Friday 2 May 2014

Time To Stop Slacking With A May TBR


Lately I’ve become really slack with my reading, spending most of the time that I set aside to chew through my unread books reading fanfic and unpublished books on Wattpad. As much as I love this, it isn’t helping me complete my Debut Author Challenge or to get 60 books read this year. So this is me making myself accountable for my reading. At the start of each month I’m going to be making a post like this with what books I plan to read during the month and my one TBR Jar pick, I’m going to try my best to read these but my base goal is to read at least 2 of the following plus some arcs through out the month.

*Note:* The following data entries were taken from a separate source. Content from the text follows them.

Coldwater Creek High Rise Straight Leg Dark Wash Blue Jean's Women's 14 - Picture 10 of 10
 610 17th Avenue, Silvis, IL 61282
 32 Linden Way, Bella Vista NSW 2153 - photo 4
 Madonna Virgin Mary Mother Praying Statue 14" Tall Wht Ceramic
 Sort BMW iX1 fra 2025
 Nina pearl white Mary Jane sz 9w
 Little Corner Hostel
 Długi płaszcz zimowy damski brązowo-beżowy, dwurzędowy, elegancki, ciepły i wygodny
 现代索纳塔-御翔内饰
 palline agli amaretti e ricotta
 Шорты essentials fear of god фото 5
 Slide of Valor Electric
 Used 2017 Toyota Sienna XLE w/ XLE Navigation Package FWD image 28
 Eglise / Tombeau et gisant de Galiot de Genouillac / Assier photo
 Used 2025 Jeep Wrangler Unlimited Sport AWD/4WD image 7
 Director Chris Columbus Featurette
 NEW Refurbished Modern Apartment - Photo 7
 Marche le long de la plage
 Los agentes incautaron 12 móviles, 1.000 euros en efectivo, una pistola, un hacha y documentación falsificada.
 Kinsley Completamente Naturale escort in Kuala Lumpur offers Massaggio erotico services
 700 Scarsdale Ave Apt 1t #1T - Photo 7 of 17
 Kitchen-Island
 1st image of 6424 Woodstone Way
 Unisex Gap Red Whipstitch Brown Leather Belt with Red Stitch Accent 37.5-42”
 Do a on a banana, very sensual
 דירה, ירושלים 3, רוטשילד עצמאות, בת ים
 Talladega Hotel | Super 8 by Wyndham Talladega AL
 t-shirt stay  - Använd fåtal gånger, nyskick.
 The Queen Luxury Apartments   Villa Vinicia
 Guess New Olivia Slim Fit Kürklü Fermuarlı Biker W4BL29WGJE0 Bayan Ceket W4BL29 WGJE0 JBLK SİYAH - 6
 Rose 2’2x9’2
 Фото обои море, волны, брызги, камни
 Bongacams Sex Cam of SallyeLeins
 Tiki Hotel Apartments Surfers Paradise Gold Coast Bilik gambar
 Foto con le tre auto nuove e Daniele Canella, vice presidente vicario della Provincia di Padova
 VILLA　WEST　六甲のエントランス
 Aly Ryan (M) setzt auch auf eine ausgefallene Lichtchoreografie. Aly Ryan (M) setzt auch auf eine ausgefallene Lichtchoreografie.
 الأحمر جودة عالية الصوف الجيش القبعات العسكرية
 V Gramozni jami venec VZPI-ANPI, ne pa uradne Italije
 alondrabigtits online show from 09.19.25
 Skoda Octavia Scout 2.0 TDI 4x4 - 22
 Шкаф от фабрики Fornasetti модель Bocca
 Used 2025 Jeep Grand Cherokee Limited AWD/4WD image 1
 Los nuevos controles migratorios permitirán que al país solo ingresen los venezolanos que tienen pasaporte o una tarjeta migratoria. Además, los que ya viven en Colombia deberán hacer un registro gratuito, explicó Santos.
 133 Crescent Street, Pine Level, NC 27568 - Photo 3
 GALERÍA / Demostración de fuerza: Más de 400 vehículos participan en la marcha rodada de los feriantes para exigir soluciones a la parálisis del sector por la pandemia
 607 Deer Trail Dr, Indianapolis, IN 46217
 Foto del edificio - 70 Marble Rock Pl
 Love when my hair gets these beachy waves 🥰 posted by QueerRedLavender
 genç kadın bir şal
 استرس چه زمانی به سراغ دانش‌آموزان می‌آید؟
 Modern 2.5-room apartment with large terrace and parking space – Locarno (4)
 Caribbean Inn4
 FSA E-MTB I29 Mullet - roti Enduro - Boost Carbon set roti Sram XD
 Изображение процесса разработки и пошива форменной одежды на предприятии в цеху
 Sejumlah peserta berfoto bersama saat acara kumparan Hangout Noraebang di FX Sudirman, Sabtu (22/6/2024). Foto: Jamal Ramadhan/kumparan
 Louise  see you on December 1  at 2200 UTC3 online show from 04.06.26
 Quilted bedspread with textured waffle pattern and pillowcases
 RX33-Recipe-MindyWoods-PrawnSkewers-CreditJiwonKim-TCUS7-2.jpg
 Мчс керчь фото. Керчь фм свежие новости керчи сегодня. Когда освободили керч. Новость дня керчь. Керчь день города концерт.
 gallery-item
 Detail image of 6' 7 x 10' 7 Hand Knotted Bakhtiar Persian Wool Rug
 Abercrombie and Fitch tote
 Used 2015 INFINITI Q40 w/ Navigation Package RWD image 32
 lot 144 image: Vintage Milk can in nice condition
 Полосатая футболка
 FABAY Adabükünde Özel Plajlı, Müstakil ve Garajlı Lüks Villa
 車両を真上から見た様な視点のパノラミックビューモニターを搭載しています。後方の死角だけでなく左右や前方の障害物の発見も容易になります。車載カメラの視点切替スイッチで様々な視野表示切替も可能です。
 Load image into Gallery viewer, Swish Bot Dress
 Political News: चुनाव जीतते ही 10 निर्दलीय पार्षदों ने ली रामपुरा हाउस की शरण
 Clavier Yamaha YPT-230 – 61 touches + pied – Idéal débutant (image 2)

Summer on the Short Bus - Bethany Crandell
Spoiled, Versace-clad Cricket Montgomery has seventeen years of pampering under her belt. So when her father decides to ship her off to a summer camp for disabled teens to help her learn some accountability, Cricket resigns herself to three weeks of handicapped hell.
Her sentence takes a bearable turn as she discovers the humor and likeability of the campers and grows close to fellow counselors. Now, if she can just convince a certain Zac Efron look-alike with amazing blue eyes that she finally realizes there's life after Gucci, this summer could turn out to be the best she's ever had.

Side Effects May Vary - Julie Murphy
What if you’d been living your life as if you were dying—only to find out that you had your whole future ahead of you?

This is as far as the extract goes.